We can’t recall facing fines for contaminated recycling before.
But now with Multi-Material BC in charge, the City of Duncan is looking at some serious, and possibly really expensive, consequences if people don’t get things in the right bin.
And they’re not the only ones. The Cowichan Valley Regional District launched an education campaign last month to tackle contamination in recycling and we can only surmise that the impetus behind said campaign is a similar threat of fines.
Saving money with MMBC are we? The City of Duncan has warned that residents may bear some of any cost incurred, by issuing a $100 fine themselves to individuals whose waste doesn’t meet the standard.
That standard is three per cent contamination, prescribed by the agreement with MMBC.
Right now Duncan is at 15 per cent. That’s one uphill climb.
One that’s bound to make people angry.
After all, some of what’s now considered contamination, like film plastics and plastic bags, used to be acceptable in the regular recycling in some locations pre-MMBC.

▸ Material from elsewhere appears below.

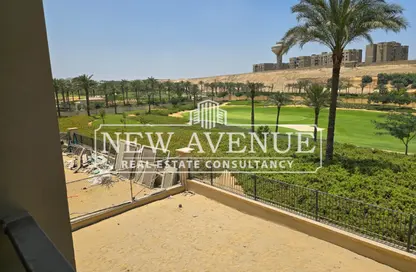 Villa - 4 Bedrooms - 5 Bathrooms for sale in Celesta Hills - Uptown Cairo - Mokattam - Cairo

People are already frustrated with how many different piles of refuse they have to maintain in order to be good recyclers.

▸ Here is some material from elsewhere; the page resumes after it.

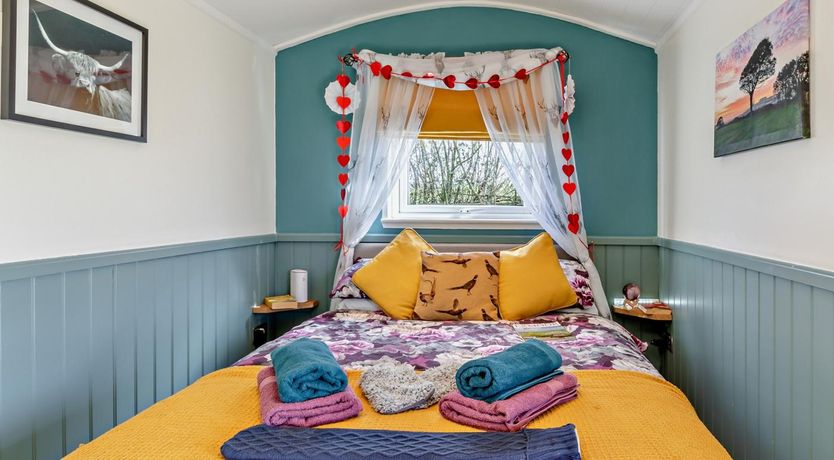 Photo of 1 Bed in South Molton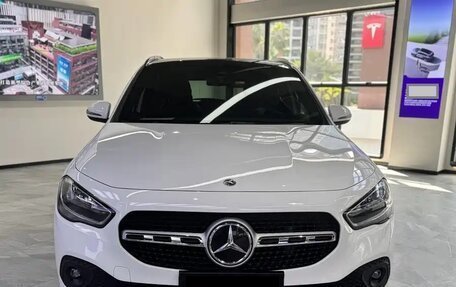 Mercedes-Benz GLA, 2021 год, 2 490 000 рублей, 2 фотография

There’s the plastic bags, the regular recycling, the glass, the light bulbs and batteries, Styrofoam — and the list goes on.
The CVRD and the city will be giving you a gold star if you get it all right, but that carrot seems out of proportion with the stick of possibly up to $120,000 in fines for your municipal unit if you keep getting it wrong.

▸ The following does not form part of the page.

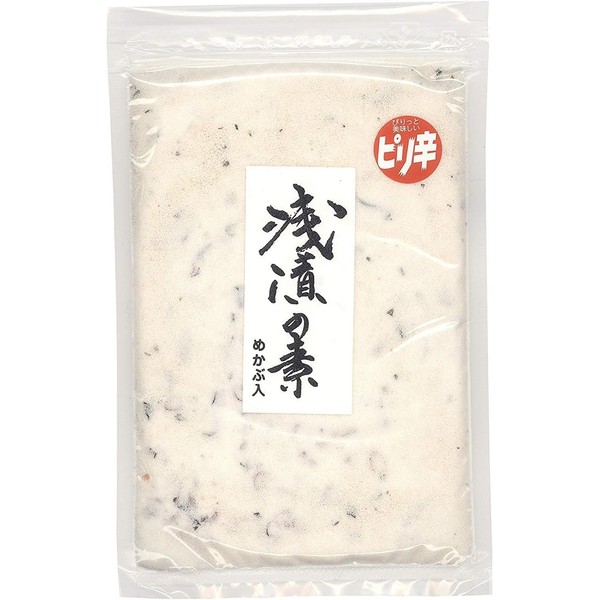 Misumiya Suisan Shallow Pickled Ingredients (Spicy) Large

But while we do sympathize with those who are confused by the seemingly ever-changing recycling rules, and grumble about how they used to just have to throw all their garbage in the garbage bag without any of this recycling mumbo jumbo, we stand by the idea that it’s not only worth it, but essential in the long run for the future of our communities and the very planet we all live on.
And we should make a concerted effort to do better than 15 per cent contamination. The average contamination for other municipalities on the Island in 6.2 per cent. So Duncan really is particularly bad at this.
It’s worth doing some education so that people are up-to-speed on what to put in and what not to put in.
Most people want to do it right; errors are inadvertent. Valley people care about our environment, we’re proud when we can do something to reduce waste. It’s time to pull together.